Valeria Golino rappresenta la cellula impazzita della famiglia, quella che ne è stata scacciata anni e anni prima proprio perché non conforme alla rispettabilità ostentata dal resto del parentado. Vive in una catapecchia della Napoli del Pascone. E, indovinate un po', pur non avendo la grana del fratello, il padre di Giannina (Alessandro Preziosi), tiene un cuore grande. Ricchi ipocriti e stronzi, poveri sorridenti e generosissimi, nonostante la respingenza iniziale dei modi. Sì, siamo in questa stringente dicotomia di cliché. E qui rimarremo, soprattutto quando verremo a scoprire che il più pulito dei "ricchi" tiene la rogna.
La protagonista Giannina si troverà a realizzare qualcosa di insospettabile: gli adulti mentono, il più possibile, per cercare di tenere insieme le proprie vite. Inaccettabile per i suoi occhi da sedicenne, ma, in questo romanzo di formazione audiovisivo, piano piano perfino a lei toccherà scendere a patti col compromesso. O quasi. Le bugie che deve affrontare (o anche dire) sono abbastanza intriganti da legittimare sei ore di narrazione? Sinceramente, no.

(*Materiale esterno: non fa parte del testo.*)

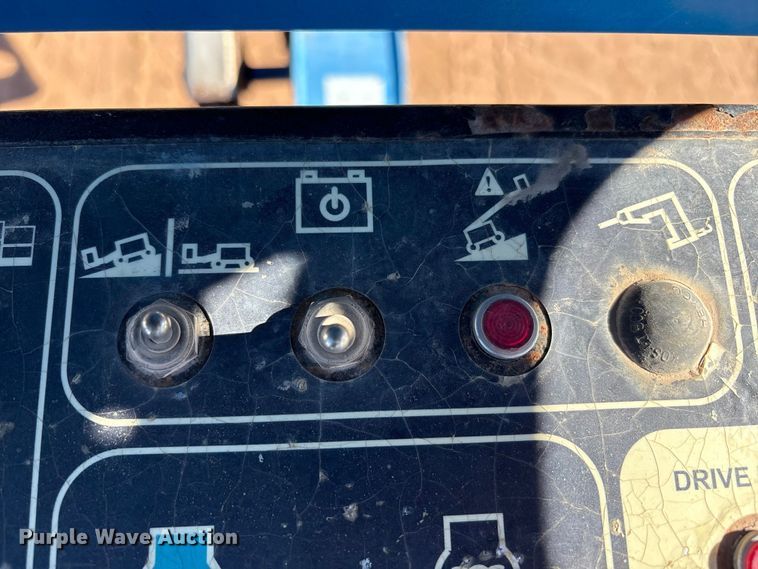 image for item EF6213 2014 Genie S-60X boom lift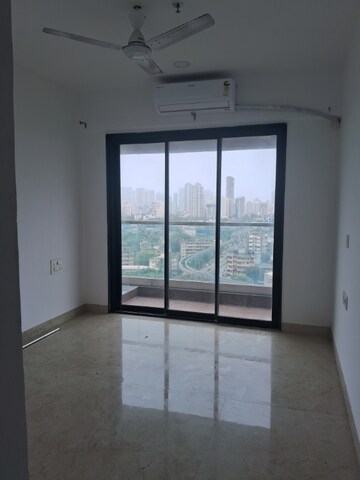 Bedroom in 2 BHK Apartment at Neumec Shreeji Towers, Wadala East – for Rent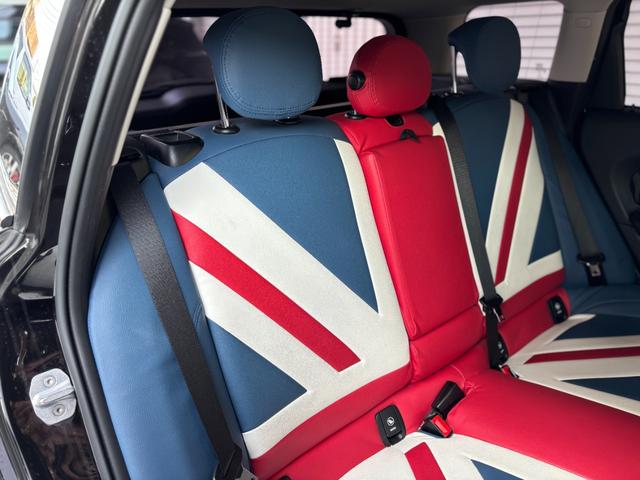 ＭＩＮＩ クーパーＤ　クラブマン　弊社ユーザー様車両　ワンオーナー　カーボンクリーニング（54枚目）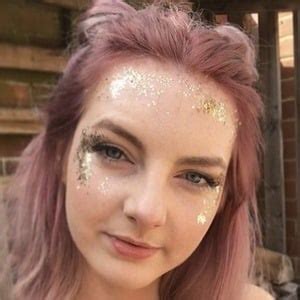 LDShadowLady - Age, Family, Bio | Famous Birthdays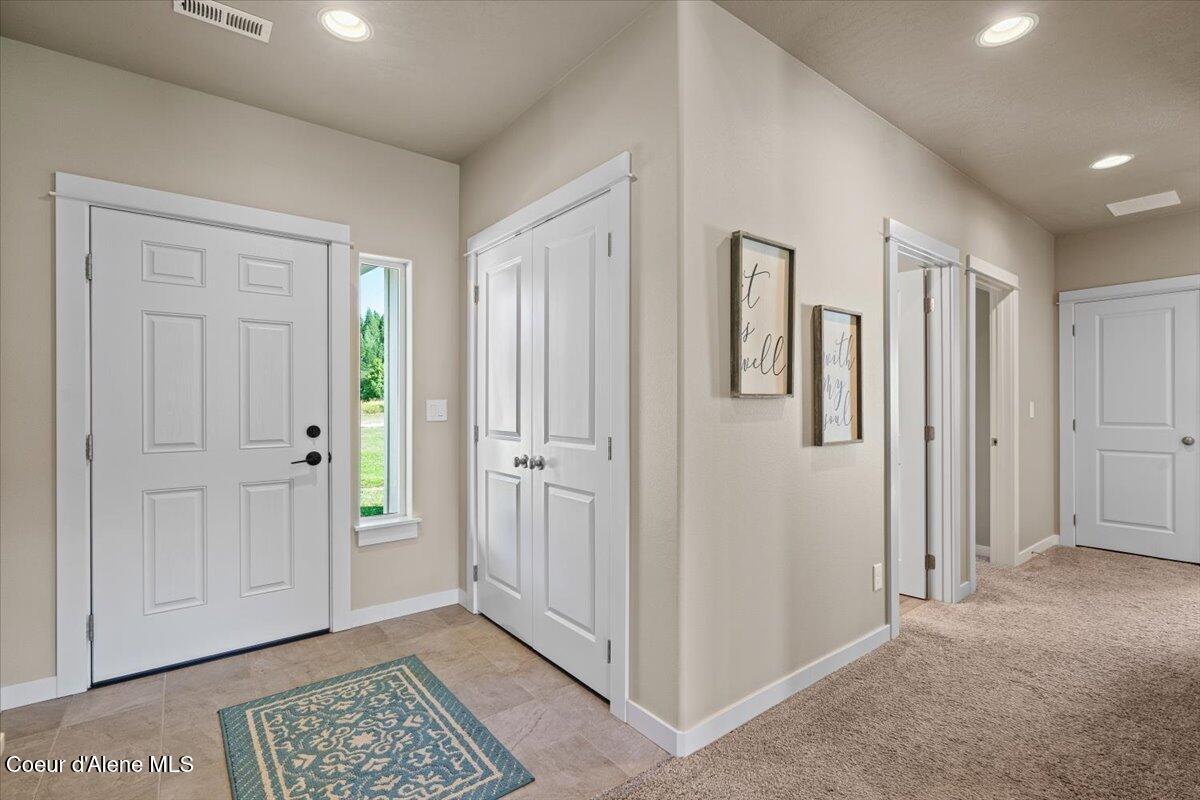 1974 Kelso Lake Road Athol, ID 83801 - Photo 19 of 55 14-Entry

Per quanto la regia di Edoardo De Angelis non sia per nulla scontata e, alle volte, perfino più affascinante della trama stessa, la serie procede stancamente, salvo qualche guizzo dovuto soprattutto ai dialoghi, verso i titoli di coda, mostrandosi di minuto in minuto come un grande e ben recitato "Vorrei ma non posso". Se le storie famigliari sono fin da sempre Sacro Graal - nonché croce e delizia - della narrazione nostrana, impossibile non pensare che ce ne saranno state di sicuro di più interessanti da raccontare, questa volta. Sempre visto quanto paia impossibile farne a meno. È come se, appena prima di cominciare a scrivere, a ogni sceneggiatore italiano si ponesse davanti un bivio: Mafia o famiglia? I più temerari, tentano di unire entrambi i filoni, generando mostri ibridi tipo Bang Bang Baby (Prime Video). In ogni caso, poco convincenti. Ma onore al merito di averci provato.
Il telespettatore, nel frattempo, si spossa. Per quanto La vita bugiarda degli adulti, di scena in scena, reclami a gran voce il proprio sedicente essere "qualcosa di più" della solita serie italiana, è la solita serie italiana. Solo, meglio girata e recitata. Ma farle i complimenti per questi aspetti, sarebbe, al solito, batterci le mani da soli per aver appena inventato la ruota. Chi critica, ma anche chi guarda, non può accontentarsi di qualche scambio brillante nei dialoghi e di un po' di interpretazione fatta come si deve per entusiasmarsi. Sarebbe irrispettoso nei confronti dell'amor proprio che ognuno di noi, si auspica, possiede.
Acclamatissima da recensioni al profumo di incenso, La vita bugiarda degli adulti può essere un discreto passatempo per serate a divano e camomilla. Dubitiamo che qualcuno se ne ricorderà davvero, una volta che l'hype pubblicitario per il lancio del progetto si diraderà dalle nostre bolle social. Asserire il contrario, sarebbe una bugia. E qui siamo adulti, sì, talvolta bugiardi nei limiti della sopravvivenza, ma sicuro non fessi. Ad maiora.